Use the /predict/ POST endpoint with the following example body:

{
  "TotalCharges": "1889.5",
  "Contract": "One year",
  "PhoneService": "Yes",
  "tenure": 34
}

Expected response:

{
  "prediction": 0
}

(Indicates the client is not likely to churn soon)

Batch Processing

The batch processing pipeline utilizes Apache Beam for efficient data processing. It runs daily at 12 PM, performing the following steps:

Data retrieval from database or CSV files
Data preprocessing
Model execution using the pickled RandomForestClassifier
Saving results back to the database or file system

Configure the batch job settings in the 'config' file.

Real-time API

The FastAPI application provides real-time predictions for the marketing server. It uses the same preprocessing steps and model as the batch process to ensure consistency.

Monitoring and Alerting

Prometheus

Prometheus is used to collect metrics from both the API and the batch processing pipeline.
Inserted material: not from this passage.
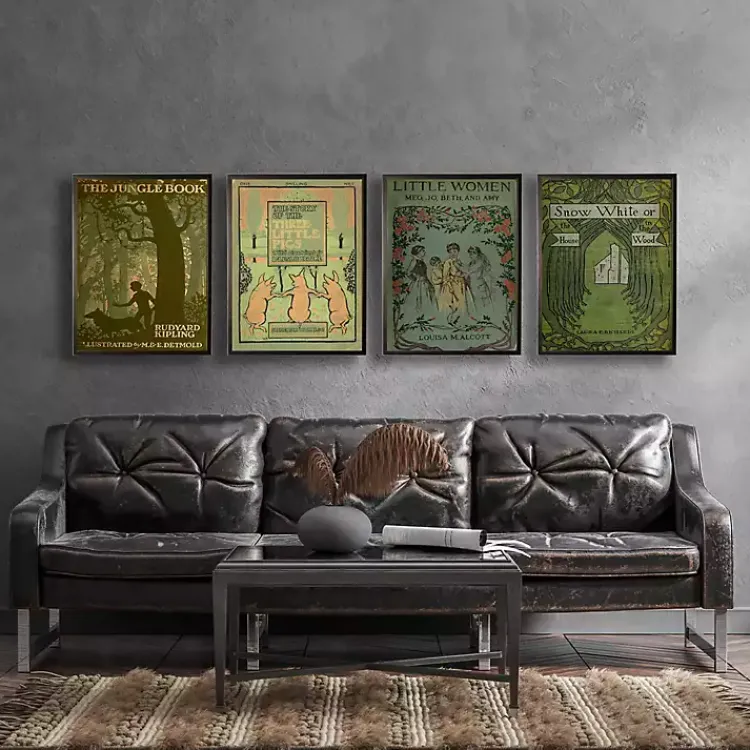 Framed Art-Kirklands Home Vintage The Jungle Book Cover Framed Wall Art Green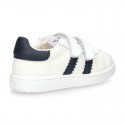 New Washable leather SUMMER tennis shoes combined with canvas with velcro strap and stripes design.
Key metrics include:

Prediction volumes
Response times
Error rates
Model performance metrics

Grafana

Access Grafana at http://localhost:3000/
Navigate to "Dashboards"
Explore the pre-configured dashboards for:
- API performance
- Batch processing metrics
- Model performance over time
- Data drift indicators

Alerts are configured in Grafana to notify of any anomalies or issues in the system.